American has issued a travel policy for customers with reservations to Brussels who wish to change their itineraries. Customers booked for travel on March 22 and March 23 may request a refund, select an alternate airport or reschedule travel through April 5.
Customers with flights to or from Brussels may use aa.com or call 1-800-679-8215.
• United Airlines canceled flights to and from Brussels after a flight from Washington Dulles landed safely and a flight from Newark Liberty “was rerouted to a remote location and our customers and crew have deplaned.”
• Delta said its DL80 from Atlanta to Brussels landed safely at the airport, while DL42 from New York was diverted to Amsterdam.
Delta also issued a travel waiver for affected travelers.
4. What about domestic airports?
The Brussels bombing was only the third attack on a major air hub since 9/11, Bloomberg and other outlets have reported.
U.S. Homeland Security Secretary Jeh C. Johnson said the Transportation Security Administration “is deploying additional security to major city airports in the United States, and at various rail and transit stations around the country.”
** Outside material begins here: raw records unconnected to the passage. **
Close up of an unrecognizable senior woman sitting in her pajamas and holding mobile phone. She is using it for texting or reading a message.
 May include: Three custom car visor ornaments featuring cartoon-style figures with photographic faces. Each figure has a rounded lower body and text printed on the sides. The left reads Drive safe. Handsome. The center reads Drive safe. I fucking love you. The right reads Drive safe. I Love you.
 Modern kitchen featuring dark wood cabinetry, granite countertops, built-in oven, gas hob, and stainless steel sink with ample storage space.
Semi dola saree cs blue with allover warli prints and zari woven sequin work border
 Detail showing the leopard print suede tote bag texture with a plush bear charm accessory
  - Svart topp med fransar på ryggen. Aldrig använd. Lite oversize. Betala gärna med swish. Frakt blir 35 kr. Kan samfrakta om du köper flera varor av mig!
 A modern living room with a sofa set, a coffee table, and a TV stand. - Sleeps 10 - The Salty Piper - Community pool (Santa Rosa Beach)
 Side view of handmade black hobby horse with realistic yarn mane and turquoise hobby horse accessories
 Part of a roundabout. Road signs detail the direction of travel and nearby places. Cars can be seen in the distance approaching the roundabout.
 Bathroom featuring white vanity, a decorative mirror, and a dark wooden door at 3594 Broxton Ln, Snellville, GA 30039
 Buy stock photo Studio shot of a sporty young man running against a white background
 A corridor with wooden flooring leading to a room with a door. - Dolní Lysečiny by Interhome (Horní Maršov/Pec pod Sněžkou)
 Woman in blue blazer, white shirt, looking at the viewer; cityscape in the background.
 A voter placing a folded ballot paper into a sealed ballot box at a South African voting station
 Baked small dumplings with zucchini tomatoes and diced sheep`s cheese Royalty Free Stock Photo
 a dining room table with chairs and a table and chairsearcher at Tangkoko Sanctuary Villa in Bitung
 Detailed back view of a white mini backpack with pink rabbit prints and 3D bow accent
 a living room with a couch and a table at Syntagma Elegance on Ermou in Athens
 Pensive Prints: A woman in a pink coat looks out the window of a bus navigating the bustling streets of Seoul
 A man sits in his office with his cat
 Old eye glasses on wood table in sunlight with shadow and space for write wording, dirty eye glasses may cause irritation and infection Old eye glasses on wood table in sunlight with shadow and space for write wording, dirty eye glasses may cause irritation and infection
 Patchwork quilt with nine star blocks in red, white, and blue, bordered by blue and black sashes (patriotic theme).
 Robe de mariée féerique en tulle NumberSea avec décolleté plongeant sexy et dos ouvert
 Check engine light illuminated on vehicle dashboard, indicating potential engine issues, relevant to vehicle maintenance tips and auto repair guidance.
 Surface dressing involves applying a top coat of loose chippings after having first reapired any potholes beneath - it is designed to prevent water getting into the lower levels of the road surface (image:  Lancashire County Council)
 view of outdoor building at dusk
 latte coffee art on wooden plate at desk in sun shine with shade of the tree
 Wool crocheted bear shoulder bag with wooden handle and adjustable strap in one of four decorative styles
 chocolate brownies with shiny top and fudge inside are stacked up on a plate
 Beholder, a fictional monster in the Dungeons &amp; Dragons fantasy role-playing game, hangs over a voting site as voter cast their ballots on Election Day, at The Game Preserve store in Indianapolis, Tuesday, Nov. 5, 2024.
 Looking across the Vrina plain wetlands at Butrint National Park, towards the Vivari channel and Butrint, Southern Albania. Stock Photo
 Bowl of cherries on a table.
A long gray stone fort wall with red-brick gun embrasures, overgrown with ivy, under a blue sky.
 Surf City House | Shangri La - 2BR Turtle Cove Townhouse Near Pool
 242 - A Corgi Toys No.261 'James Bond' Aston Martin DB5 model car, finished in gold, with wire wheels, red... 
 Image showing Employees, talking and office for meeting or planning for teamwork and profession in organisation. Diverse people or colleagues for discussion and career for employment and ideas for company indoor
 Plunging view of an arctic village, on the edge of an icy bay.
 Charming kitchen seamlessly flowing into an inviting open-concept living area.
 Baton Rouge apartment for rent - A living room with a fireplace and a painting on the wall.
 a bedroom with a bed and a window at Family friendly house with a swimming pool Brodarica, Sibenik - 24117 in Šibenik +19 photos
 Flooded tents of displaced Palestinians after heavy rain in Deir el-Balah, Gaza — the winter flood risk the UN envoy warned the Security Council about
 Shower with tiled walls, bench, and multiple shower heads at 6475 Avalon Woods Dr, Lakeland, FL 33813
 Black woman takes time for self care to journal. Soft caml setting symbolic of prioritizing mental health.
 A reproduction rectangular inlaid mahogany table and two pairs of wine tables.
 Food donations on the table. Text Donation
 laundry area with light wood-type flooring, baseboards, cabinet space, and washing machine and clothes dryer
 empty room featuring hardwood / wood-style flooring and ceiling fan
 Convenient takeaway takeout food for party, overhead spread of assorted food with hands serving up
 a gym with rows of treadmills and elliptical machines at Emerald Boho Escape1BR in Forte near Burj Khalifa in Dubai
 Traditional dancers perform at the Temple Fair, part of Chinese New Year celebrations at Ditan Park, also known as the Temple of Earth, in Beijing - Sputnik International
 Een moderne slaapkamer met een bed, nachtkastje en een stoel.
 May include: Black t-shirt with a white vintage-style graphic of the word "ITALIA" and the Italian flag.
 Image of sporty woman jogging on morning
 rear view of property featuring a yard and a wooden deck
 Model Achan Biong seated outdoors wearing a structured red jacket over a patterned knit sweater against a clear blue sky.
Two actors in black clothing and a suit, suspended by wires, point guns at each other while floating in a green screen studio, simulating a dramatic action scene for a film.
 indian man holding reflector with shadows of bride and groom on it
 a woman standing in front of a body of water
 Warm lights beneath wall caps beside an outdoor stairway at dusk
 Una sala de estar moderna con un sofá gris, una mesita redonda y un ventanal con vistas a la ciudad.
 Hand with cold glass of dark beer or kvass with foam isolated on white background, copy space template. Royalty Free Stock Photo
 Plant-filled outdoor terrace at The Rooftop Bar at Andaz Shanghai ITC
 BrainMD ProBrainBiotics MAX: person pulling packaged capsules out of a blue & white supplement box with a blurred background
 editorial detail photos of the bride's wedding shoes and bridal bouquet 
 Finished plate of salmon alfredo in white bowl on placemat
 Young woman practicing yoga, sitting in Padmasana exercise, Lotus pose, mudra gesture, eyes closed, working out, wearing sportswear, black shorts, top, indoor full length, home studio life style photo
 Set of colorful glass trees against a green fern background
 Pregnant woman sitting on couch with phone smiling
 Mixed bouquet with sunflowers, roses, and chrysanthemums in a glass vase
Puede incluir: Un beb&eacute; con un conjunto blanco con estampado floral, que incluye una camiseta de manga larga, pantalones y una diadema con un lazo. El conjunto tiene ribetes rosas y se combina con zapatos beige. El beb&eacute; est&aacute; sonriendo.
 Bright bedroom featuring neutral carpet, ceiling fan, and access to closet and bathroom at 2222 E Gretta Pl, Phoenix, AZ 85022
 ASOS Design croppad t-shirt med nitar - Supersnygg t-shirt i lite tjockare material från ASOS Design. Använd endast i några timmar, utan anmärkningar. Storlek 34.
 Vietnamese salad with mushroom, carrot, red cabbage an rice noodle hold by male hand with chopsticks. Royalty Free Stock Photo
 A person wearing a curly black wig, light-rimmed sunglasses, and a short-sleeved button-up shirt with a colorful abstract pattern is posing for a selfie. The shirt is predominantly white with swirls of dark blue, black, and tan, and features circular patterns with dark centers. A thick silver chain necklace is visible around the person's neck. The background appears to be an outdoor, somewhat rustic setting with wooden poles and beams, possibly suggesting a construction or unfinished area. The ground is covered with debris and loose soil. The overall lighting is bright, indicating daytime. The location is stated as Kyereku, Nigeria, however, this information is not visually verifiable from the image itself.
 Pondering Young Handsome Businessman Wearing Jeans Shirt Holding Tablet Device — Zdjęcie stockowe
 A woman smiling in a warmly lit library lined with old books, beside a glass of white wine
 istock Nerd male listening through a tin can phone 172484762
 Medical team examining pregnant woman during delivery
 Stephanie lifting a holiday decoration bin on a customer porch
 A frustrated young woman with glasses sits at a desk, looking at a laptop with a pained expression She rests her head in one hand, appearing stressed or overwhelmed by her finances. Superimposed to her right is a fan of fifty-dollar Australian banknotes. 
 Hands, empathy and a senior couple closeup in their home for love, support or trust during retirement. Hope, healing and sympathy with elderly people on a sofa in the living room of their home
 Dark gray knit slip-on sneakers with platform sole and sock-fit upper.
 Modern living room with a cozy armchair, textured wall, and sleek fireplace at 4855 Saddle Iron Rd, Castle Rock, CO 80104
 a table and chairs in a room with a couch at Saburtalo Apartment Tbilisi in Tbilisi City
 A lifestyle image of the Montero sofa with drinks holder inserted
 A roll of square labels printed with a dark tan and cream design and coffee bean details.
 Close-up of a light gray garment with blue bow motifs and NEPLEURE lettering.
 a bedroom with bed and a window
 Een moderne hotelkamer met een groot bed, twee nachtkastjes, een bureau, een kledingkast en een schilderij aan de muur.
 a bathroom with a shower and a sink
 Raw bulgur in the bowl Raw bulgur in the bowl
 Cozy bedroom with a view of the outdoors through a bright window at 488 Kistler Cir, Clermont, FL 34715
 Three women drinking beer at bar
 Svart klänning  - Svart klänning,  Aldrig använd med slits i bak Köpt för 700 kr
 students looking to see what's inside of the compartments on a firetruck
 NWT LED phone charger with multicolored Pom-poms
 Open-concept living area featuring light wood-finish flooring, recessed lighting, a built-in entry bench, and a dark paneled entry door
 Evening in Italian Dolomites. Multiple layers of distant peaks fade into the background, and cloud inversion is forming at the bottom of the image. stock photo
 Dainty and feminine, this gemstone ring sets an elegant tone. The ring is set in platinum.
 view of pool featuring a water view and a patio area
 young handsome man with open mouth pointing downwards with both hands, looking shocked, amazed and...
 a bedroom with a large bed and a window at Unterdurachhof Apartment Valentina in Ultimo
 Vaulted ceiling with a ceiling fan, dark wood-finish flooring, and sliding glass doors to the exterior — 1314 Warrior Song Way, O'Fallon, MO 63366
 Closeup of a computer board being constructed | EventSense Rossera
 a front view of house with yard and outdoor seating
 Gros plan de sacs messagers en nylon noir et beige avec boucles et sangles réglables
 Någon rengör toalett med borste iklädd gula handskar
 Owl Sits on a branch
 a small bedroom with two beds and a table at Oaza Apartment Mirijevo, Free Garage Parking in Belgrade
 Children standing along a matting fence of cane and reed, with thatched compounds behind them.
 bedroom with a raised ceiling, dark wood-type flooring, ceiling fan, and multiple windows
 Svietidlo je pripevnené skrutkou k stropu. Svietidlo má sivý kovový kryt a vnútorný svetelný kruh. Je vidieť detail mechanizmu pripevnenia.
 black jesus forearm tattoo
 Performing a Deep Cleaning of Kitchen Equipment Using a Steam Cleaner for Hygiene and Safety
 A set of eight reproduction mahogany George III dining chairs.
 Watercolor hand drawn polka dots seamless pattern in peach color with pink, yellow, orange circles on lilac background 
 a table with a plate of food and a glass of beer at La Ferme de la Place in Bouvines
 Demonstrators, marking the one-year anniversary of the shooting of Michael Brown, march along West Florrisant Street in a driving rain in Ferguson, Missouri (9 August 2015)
“TSA is also working closely with state and local law enforcement, airport and transit authorities, and the aviation industry in order to augment that security,” Johnson added.
“We continually evaluate whether more (passenger) screening is necessary, particularly in light of today’s attacks,” he added.
Spokespeople for Harrisburg International Airport and Baltimore-Washington International Thurgood Marshall Airport described how security procedures are always in place and operate in ways the public may not always recognize, but deferred to federal officials on specifics.
Travelers at Pittsburgh International Airport already were seeing increased police presence, the Tribune-Review reported.
5. Should Americans be concerned?
The mantra coming from officials across the U.S. today has been to urge caution, but not fear.
“At present, we have no specific, credible intelligence of any plot to conduct similar attacks here in the United States,” Homeland Security’s Johnson said.
“That said, we remain very focused on the threat posed by lone terrorist actors who may lack direct connection to a foreign terrorist organization,” Johnson said, adding that “we are concerned that such radicalized individuals or small groups could carry out an attack in the Homeland with little warning.”
Gov. Tom Wolf this morning said “there are no known related threats in the U.S. or in Pennsylvania,” and that state officials have been in communication with their federal counterparts.